L'arte del Gandhara si
sviluppò inizialmente attraverso la scultura di fregi descriventi le
storie del Buddha alla base degli stupa. Il Buddha stesso era solo
rappresentato aniconicamente in quanto le sue istruzioni originali
intimavano la sua non divinità dato che la dottrina non necessitava
la sua rappresentazione.
Attorno al Primo/Secondo
secolo però, nasce la figura del Buddha derivata da quella degli
imperatori romani, poiché i Kushan avevano la necessità di
inventare una immagine di re/Dio che potesse accomunare ed essere
punto di riferimento per le numerose e diversissime popolazioni da
loro dominate. Inoltre il buddismo non era più unicamente un
movimento monacale ma grazie alla diffusione dei testi divenne una
religione devozionale. Il Buddha non solo come esempio e
rappresentazione della sua filosofia, ma come salvatore. Il simbolo
della spiritualità si innesta sulla rappresentazione dell'autorità.
L'immagine di bellezza
perfetta viene idealizzata e nasce così un'icona ormai celebre, dal
corpo atletico avvolto in una toga di foggia greco-romana e un viso
perfetto, aristocratico, intenso, compassionevole, addolcito da un
leggero sorriso, la visualizzazione attraente e comprensibile dello
stato di Illuminazione. Ormai tragico simbolo della diffusione del
buddismo lungo la Via della Seta, erano i Buddha giganti della valle
di Bamyan nell'Afghanistan settentrionale, a 500 chilometri a est
dello Swat. Era uno dei centri di attività monacale e di
pellegrinaggio più celebri tra il Sesto e Settimo secolo.
La tradizione di scolpire
immagini del Buddha nelle pareti delle montagne a uso dei pellegrini
era molto diffusa: incoraggiavano e proteggevano il viandante e lo
ispiravano a confrontarsi con tranquillità e fiducia con la propria
sofferenza nel cammino, nei pericoli, nella lontananza da casa.
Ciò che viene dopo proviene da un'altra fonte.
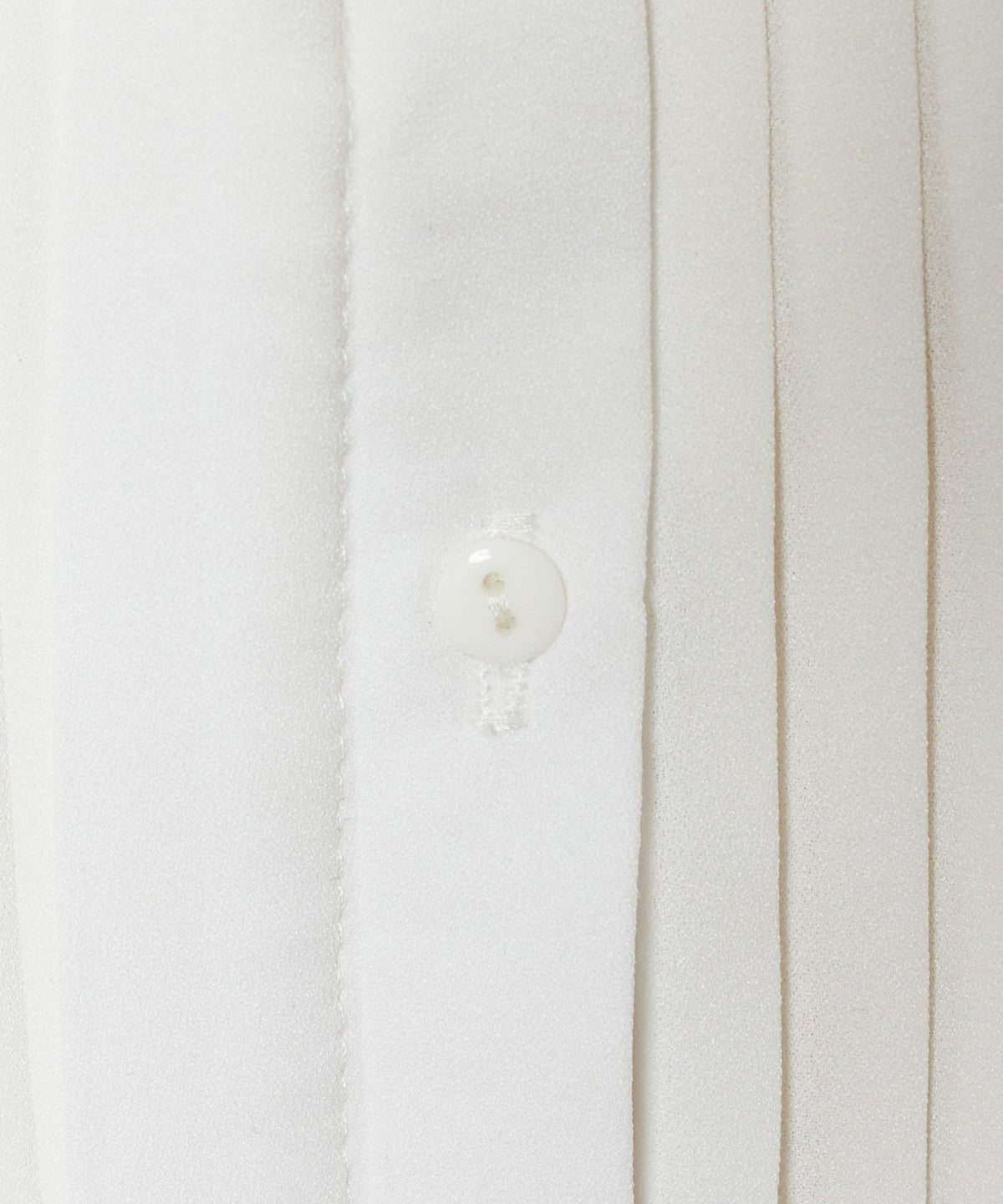 釦アップ（off white）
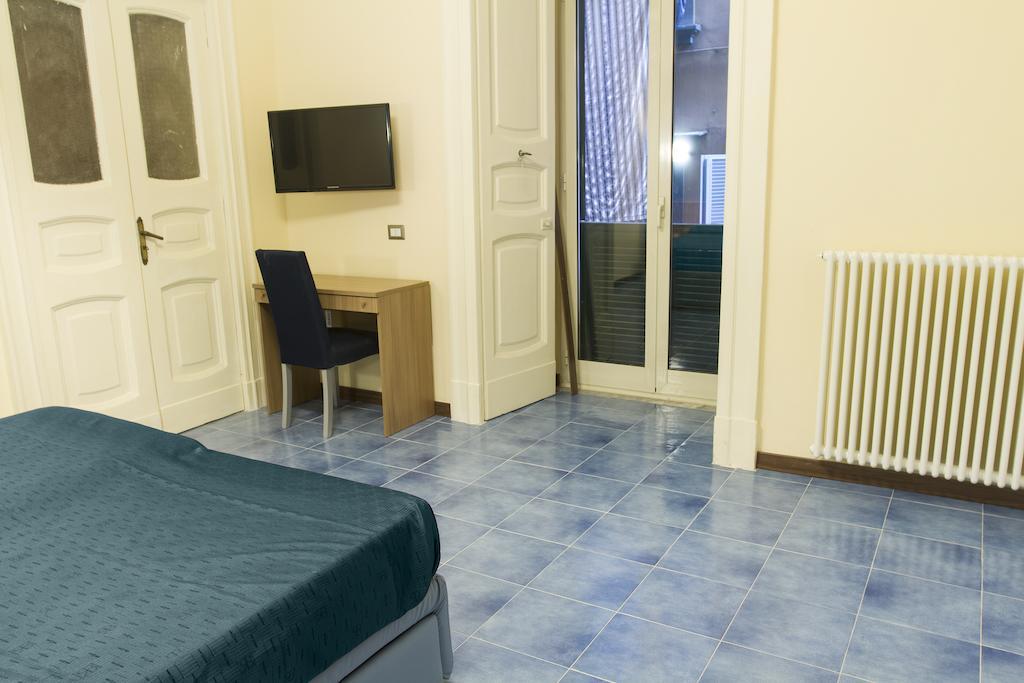 Duomo 89 Bed & Breakfast Napoli Cameră foto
Tutte
emozioni da analizzare e disperdere per il proprio benessere: il
pellegrinaggio come esercizio di disciplina mentale.
La loro distruzione a
opera dei talebani nel 2001 ferisce innanzitutto le popolazioni
locali che da sempre identificavano il loro territorio al di là
della fede religiosa e ferisce l'Occidente che tuttora si considera
custode della storia del pianeta e fornisce al mondo politico e
mediatico un ennesimo motivo per fomentare sentimenti anti-islamici.
Ora le grandi figure,
apparizioni inaspettate e surreali nel mezzo dei monti sono sparite,
ma le nicchie vuote ritengono ancora il ricordo, l'energia e la
presenza del Buddha. Liberate dalla forma stessa, sono la perfetta
incarnazione di due concetti fondamentali del buddismo, anica,
l'impermanenza di tutte le cose e suniata, il vuoto, ovvero la
comprensione profonda della non esistenza del tutto. Se il Buddha li
avesse visti dissolversi in una nuvola di polvere, avrebbe sorriso.